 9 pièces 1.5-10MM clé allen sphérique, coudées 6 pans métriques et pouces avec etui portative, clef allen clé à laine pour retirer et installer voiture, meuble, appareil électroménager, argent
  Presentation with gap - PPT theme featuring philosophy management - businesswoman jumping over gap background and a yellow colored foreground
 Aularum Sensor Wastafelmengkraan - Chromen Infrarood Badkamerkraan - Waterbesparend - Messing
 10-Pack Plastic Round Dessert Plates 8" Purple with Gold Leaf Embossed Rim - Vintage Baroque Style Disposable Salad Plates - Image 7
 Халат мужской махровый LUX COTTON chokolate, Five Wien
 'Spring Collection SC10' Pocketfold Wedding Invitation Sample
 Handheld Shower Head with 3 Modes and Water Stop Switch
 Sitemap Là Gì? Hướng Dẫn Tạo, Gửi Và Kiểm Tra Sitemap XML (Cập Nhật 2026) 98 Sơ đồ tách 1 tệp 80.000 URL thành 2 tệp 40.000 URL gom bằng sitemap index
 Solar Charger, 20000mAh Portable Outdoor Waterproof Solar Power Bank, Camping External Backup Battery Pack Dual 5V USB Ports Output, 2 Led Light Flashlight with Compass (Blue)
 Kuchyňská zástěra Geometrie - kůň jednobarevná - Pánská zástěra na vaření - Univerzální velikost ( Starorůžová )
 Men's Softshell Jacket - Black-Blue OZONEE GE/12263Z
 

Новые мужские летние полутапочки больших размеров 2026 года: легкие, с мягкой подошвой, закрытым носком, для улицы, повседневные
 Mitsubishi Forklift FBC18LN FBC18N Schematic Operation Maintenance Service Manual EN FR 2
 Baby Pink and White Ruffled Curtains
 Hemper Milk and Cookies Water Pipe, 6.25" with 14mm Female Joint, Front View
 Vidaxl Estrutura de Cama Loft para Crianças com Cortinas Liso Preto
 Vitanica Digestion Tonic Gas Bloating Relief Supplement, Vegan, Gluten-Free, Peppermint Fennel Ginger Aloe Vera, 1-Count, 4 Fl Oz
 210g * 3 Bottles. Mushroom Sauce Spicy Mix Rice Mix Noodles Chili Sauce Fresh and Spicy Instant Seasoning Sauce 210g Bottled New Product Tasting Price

*WORK ORDER*.
Restate the material word for word, but only from its first line through the line containing "Wedding Invitation Sample".

*EXERCISE SOLUTION*.
 9 pièces 1.5-10MM clé allen sphérique, coudées 6 pans métriques et pouces avec etui portative, clef allen clé à laine pour retirer et installer voiture, meuble, appareil électroménager, argent
  Presentation with gap - PPT theme featuring philosophy management - businesswoman jumping over gap background and a yellow colored foreground
 Aularum Sensor Wastafelmengkraan - Chromen Infrarood Badkamerkraan - Waterbesparend - Messing
 10-Pack Plastic Round Dessert Plates 8" Purple with Gold Leaf Embossed Rim - Vintage Baroque Style Disposable Salad Plates - Image 7
 Халат мужской махровый LUX COTTON chokolate, Five Wien
 'Spring Collection SC10' Pocketfold Wedding Invitation Sample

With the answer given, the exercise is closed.